Totally null sets and capacity in Dirichlet type spaces

TL;DR

This paper establishes that in Dirichlet type spaces, the concept of totally null sets coincides with having zero capacity, linking functional analysis and potential theory, and enhances boundary interpolation theorems.

Contribution

It proves the equivalence of null sets and capacity zero in Dirichlet spaces and strengthens existing boundary interpolation results.

Findings

Totally null sets coincide with capacity zero sets in Dirichlet spaces.

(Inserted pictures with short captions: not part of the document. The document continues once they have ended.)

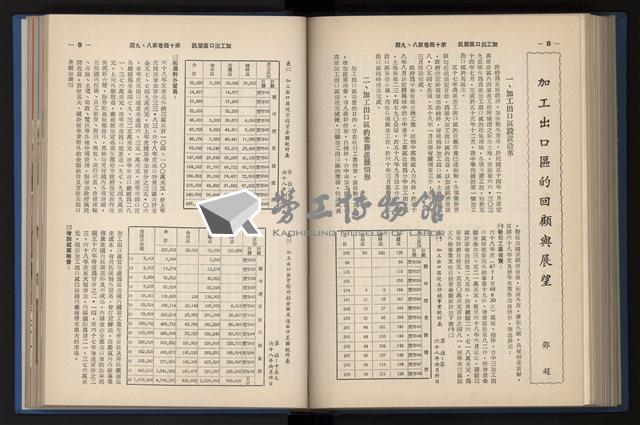 《加工出口區簡訊合訂本》第14卷第1期至第14卷第12期藏品圖，第183張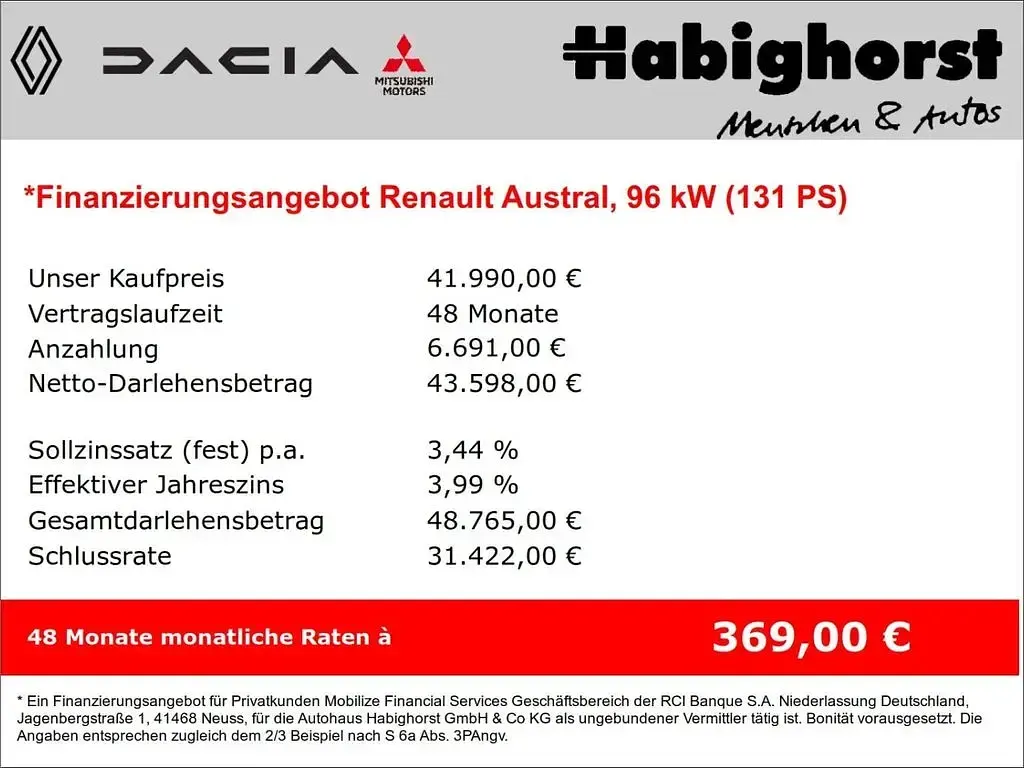 Gebraucht Renault Austral Esprit Alpine 131 PS (96 kW) 2025 Grau SUV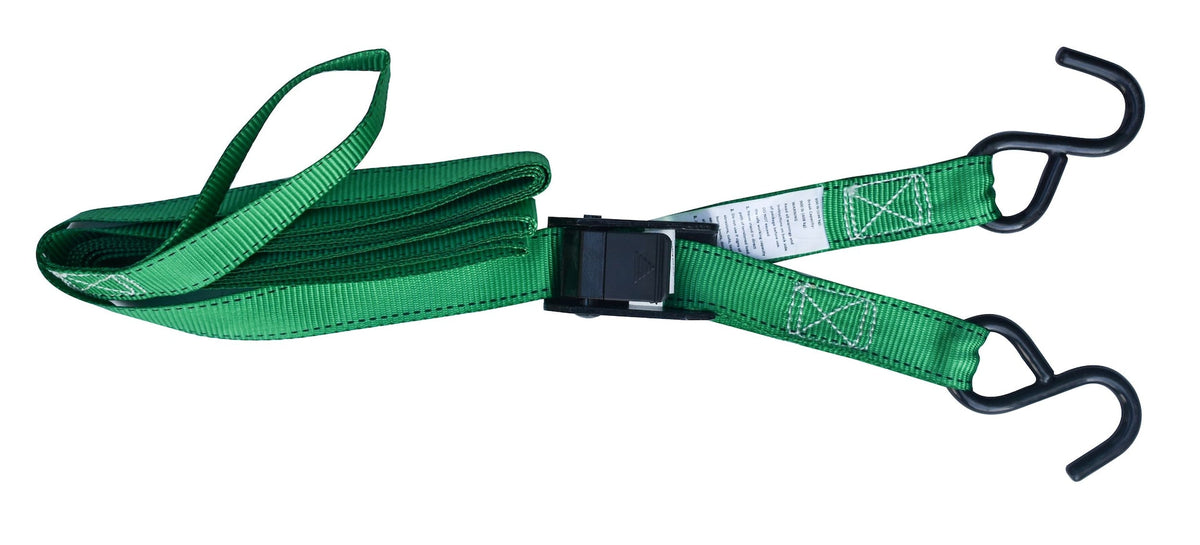 900-lb Cambuckle Tie-Down Straps, Weatherproof, 1-in x 10-ft, 4-pk F3E8 - product image 5
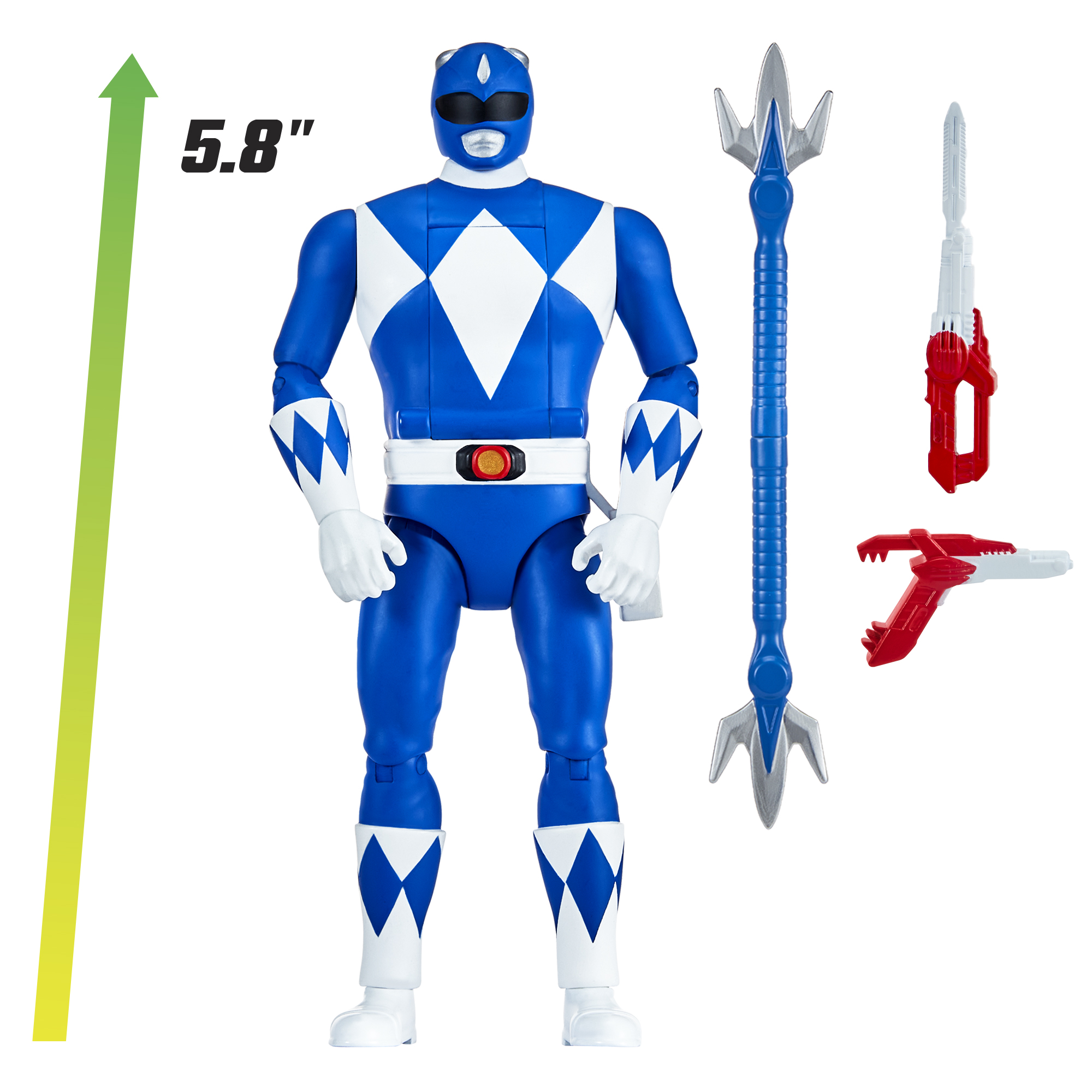 Power Rangers Auto-Morphin Blue Ranger Action Figure photo 5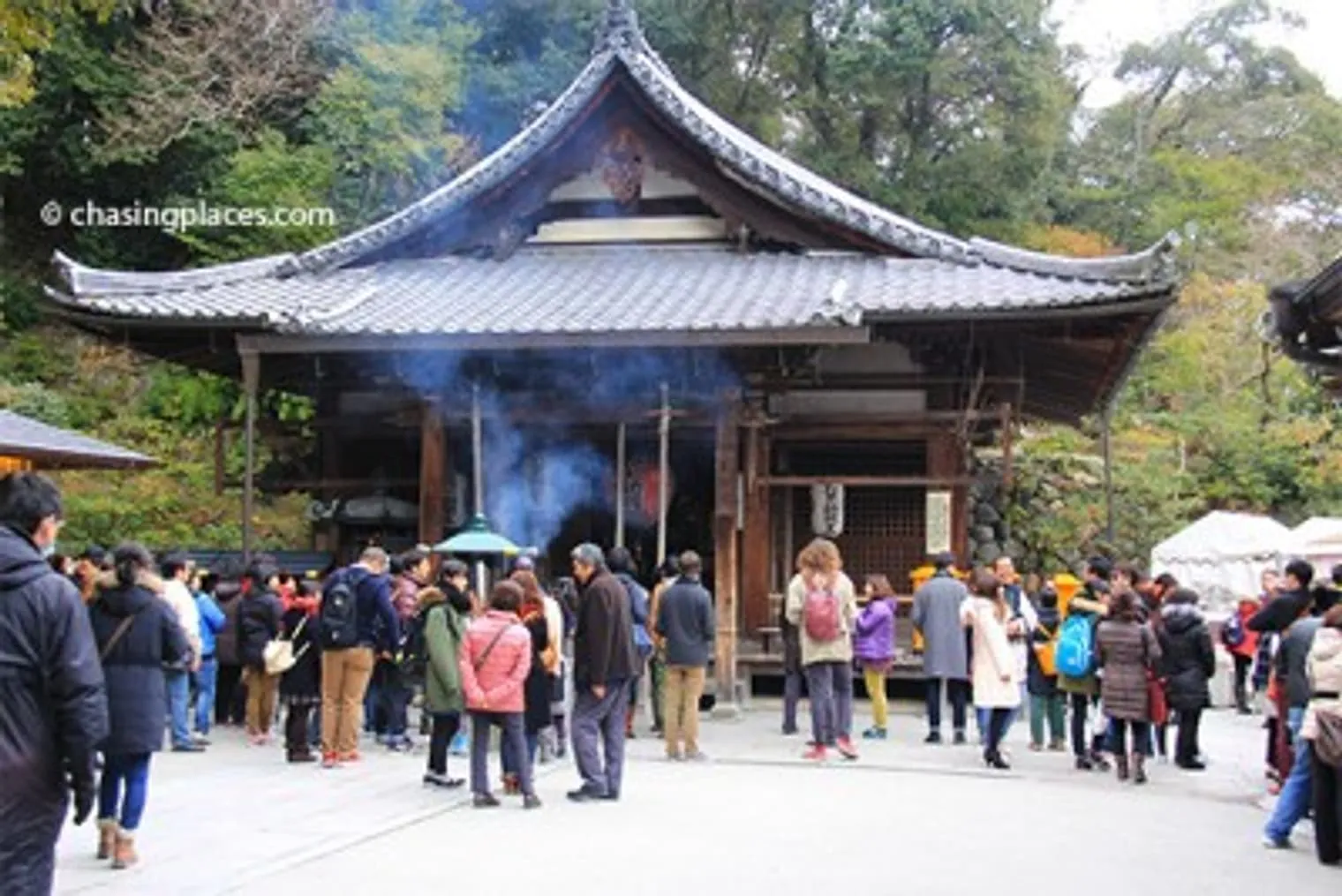 The temple near the Golden Pavilion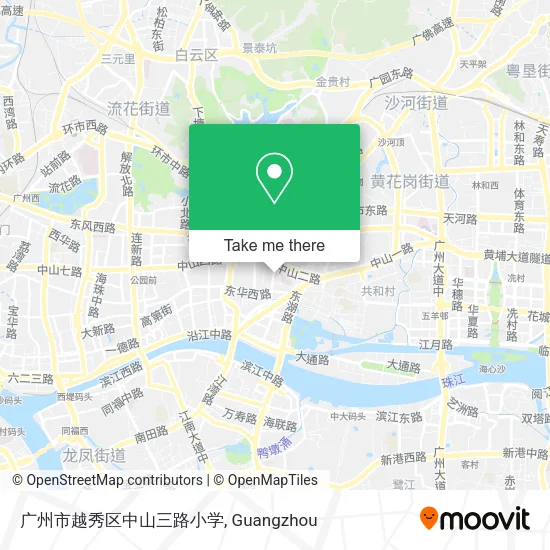 广州市越秀区中山三路小学 map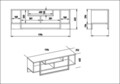 Asal TV Komód, Zena Home, 119.4x35.2x40.2 cm, barna/fekete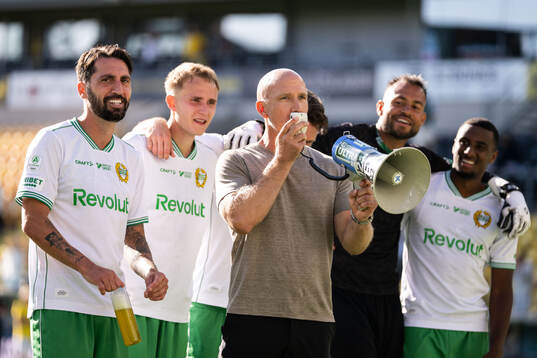 Hammarbys Nahir Besara, Victor Lind, tränare Henrik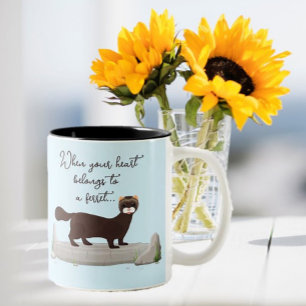 Tasse 2 Couleurs Furet ! Cadeau mignon pour un ami qui aime les fur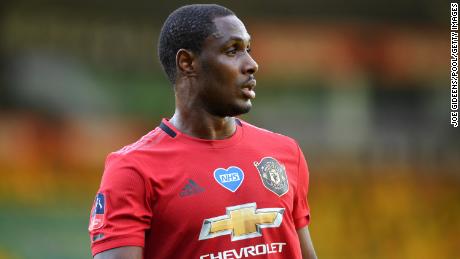 Odion Ighalo of Manchester United posted a video on Twitter Tuesday.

The results apply to classical Dirichlet space and logarithmic capacity.

Strengthened boundary interpolation theorems are obtained.

Abstract

In the context of Dirichlet type spaces on the unit ball of $\mathbb{C}^d$, also known as Hardy-Sobolev or Besov-Sobolev spaces, we compare two notions of smallness for compact subsets of the unit sphere. We show that the functional analytic notion of being totally null agrees with the potential theoretic notion of having capacity zero. In particular, this applies to the classical Dirichlet space on the unit disc and logarithmic capacity. In combination with a peak interpolation result of Davidson and the second named author, we obtain strengthenings of boundary interpolation theorems of Peller and Khrushch\"{e}v and of Cohn and Verbitsky.